§ Goal of the exercise: Each line in the material below, starting at the one with "HYDROFISH Bingerville Côte" and ending at the one with "精品解析：北京市西城区北京市", is to be reproduced exactly; no picture is to be copied.

§ Exercise input:
****

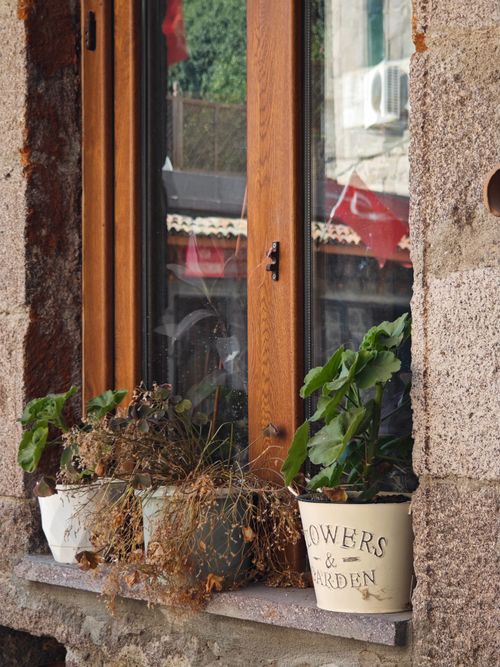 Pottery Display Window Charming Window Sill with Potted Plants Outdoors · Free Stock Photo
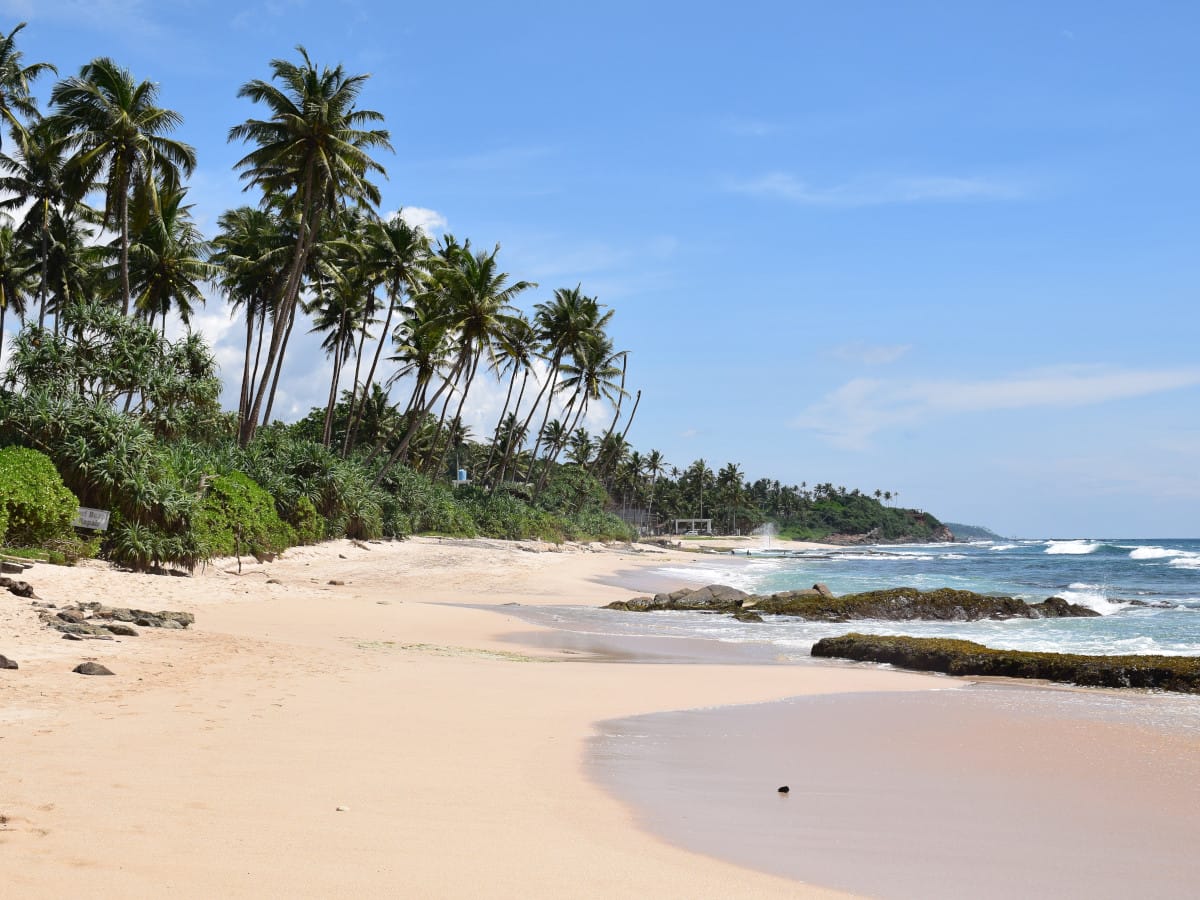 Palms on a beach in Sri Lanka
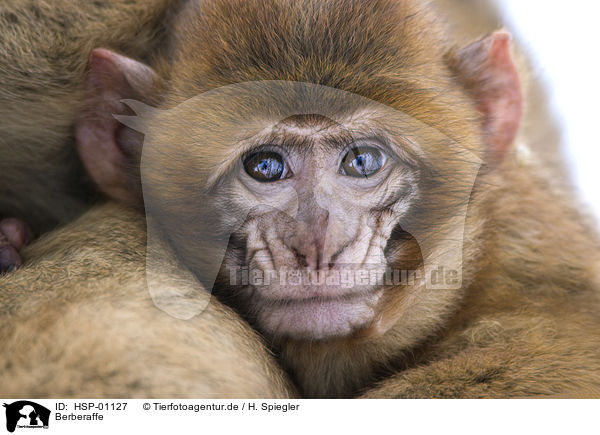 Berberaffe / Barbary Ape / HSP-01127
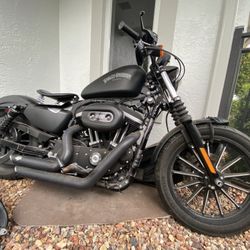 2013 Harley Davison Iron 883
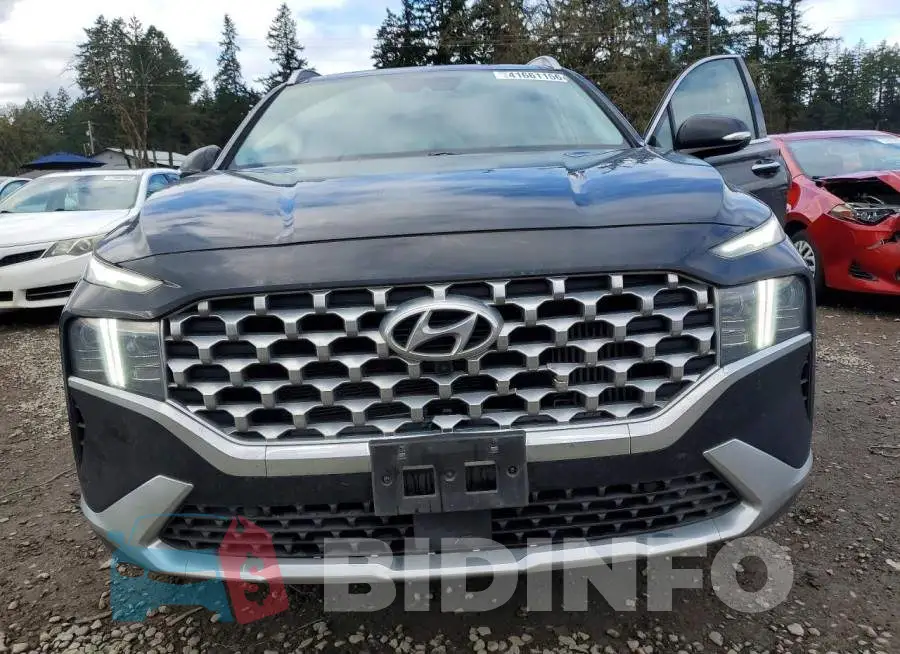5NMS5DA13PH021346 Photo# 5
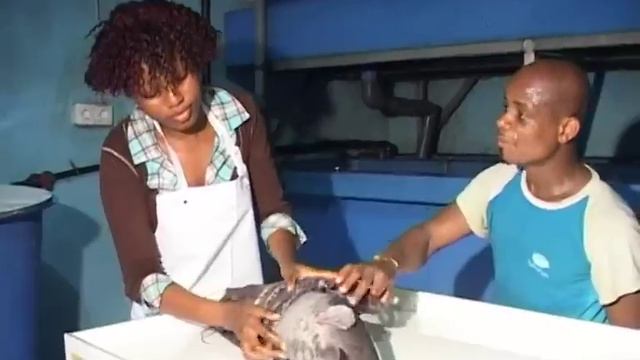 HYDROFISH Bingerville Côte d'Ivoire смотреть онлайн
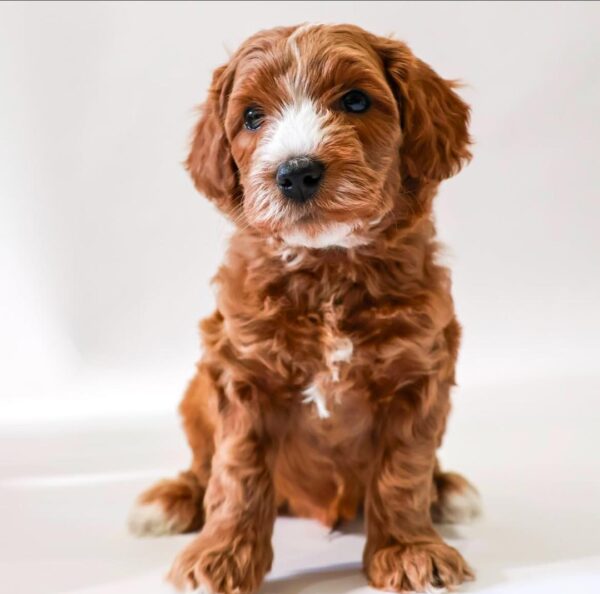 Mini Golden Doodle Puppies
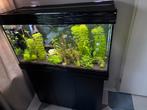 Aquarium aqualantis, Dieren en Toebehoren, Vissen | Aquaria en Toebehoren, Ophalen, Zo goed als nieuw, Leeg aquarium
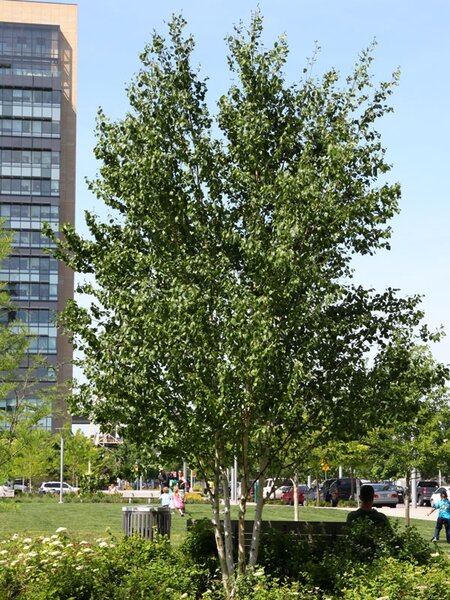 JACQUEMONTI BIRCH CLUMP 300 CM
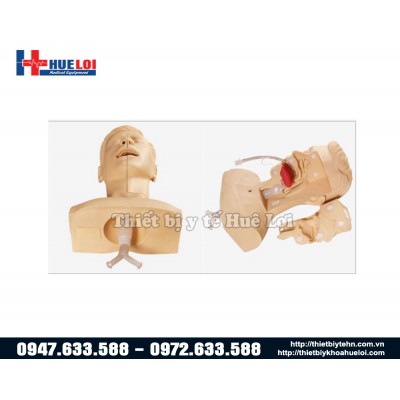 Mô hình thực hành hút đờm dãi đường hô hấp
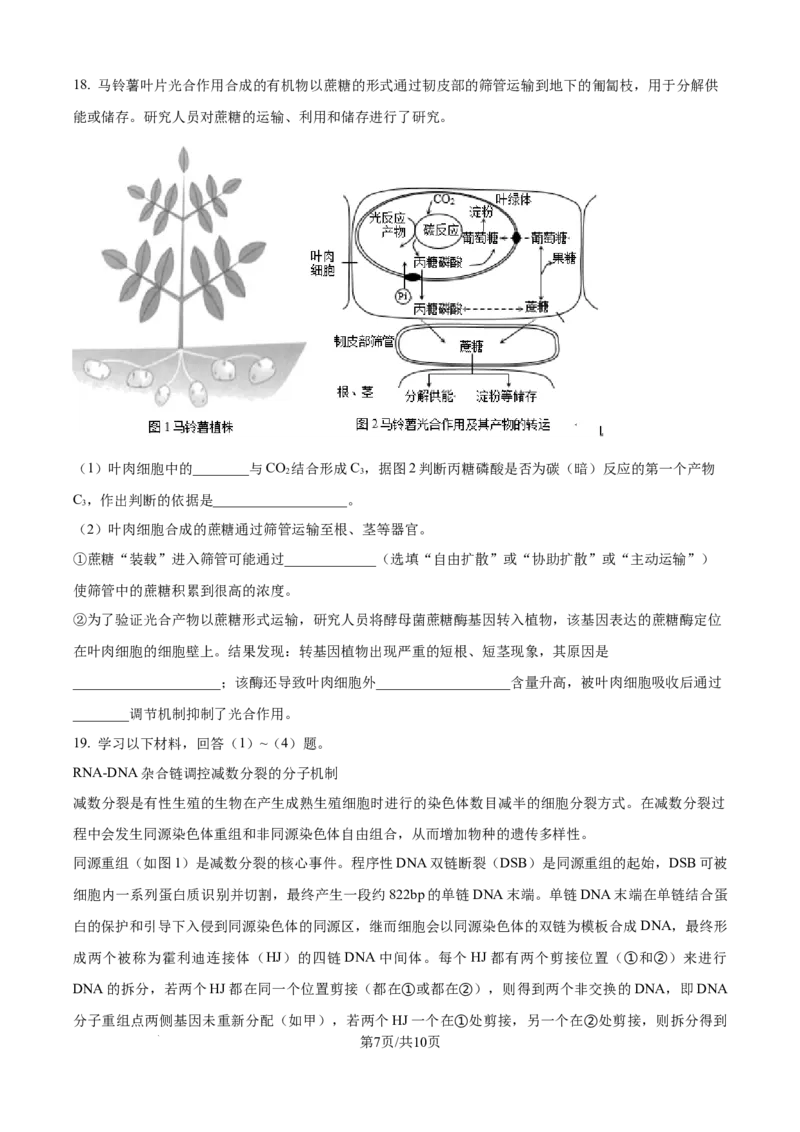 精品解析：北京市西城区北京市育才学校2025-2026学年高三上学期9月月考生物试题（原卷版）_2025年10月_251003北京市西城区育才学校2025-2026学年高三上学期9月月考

****

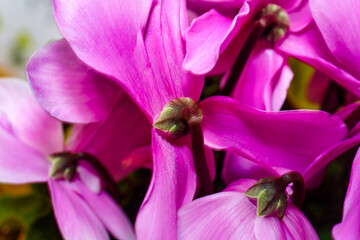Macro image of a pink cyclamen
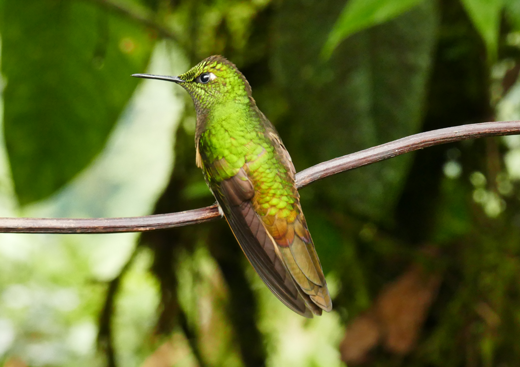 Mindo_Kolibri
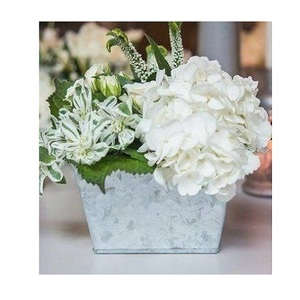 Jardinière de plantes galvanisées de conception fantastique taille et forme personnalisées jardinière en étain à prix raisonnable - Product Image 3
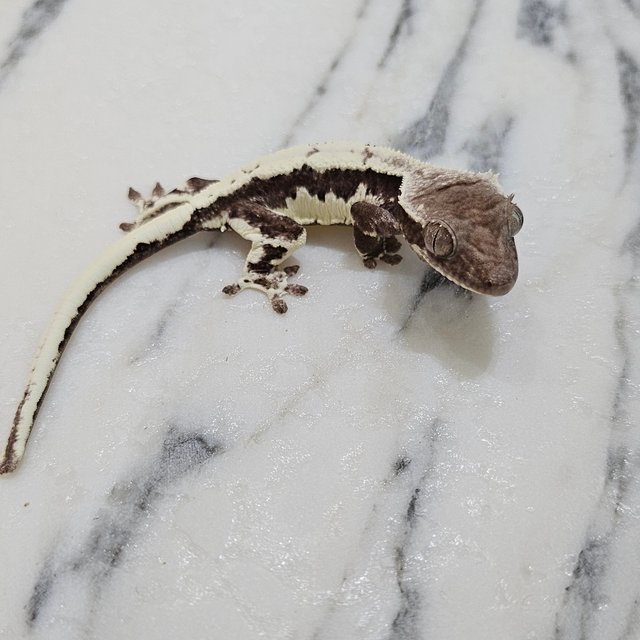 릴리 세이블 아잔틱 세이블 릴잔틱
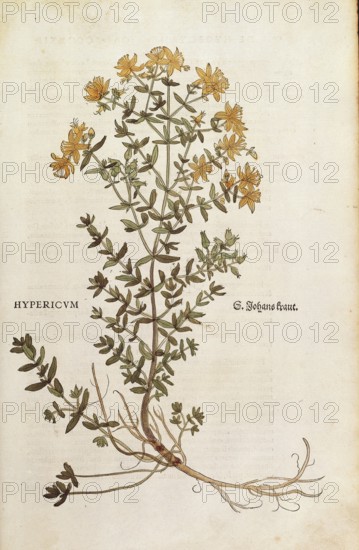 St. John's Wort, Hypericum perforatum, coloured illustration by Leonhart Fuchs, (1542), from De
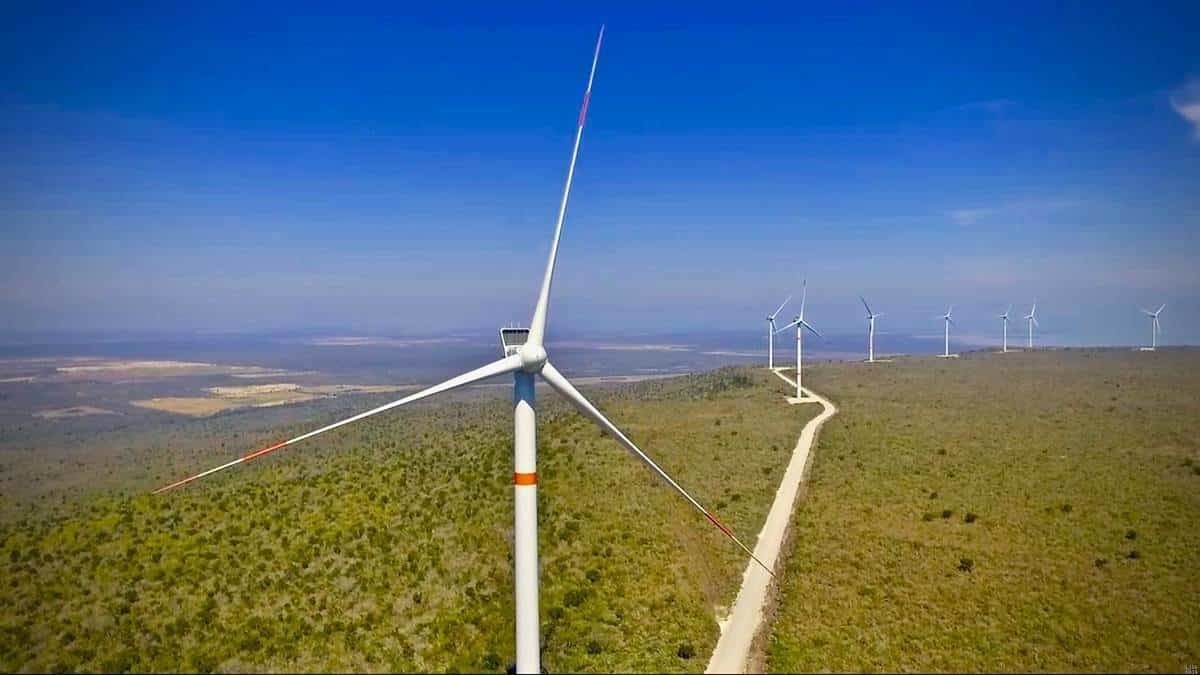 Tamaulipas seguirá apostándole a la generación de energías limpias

****

§ Finished exercise:
 HYDROFISH Bingerville Côte d'Ivoire смотреть онлайн
 Mini Golden Doodle Puppies
 Aquarium aqualantis, Dieren en Toebehoren, Vissen | Aquaria en Toebehoren, Ophalen, Zo goed als nieuw, Leeg aquarium
 JACQUEMONTI BIRCH CLUMP 300 CM
 Mô hình thực hành hút đờm dãi đường hô hấp
 精品解析：北京市西城区北京市育才学校2025-2026学年高三上学期9月月考生物试题（原卷版）_2025年10月_251003北京市西城区育才学校2025-2026学年高三上学期9月月考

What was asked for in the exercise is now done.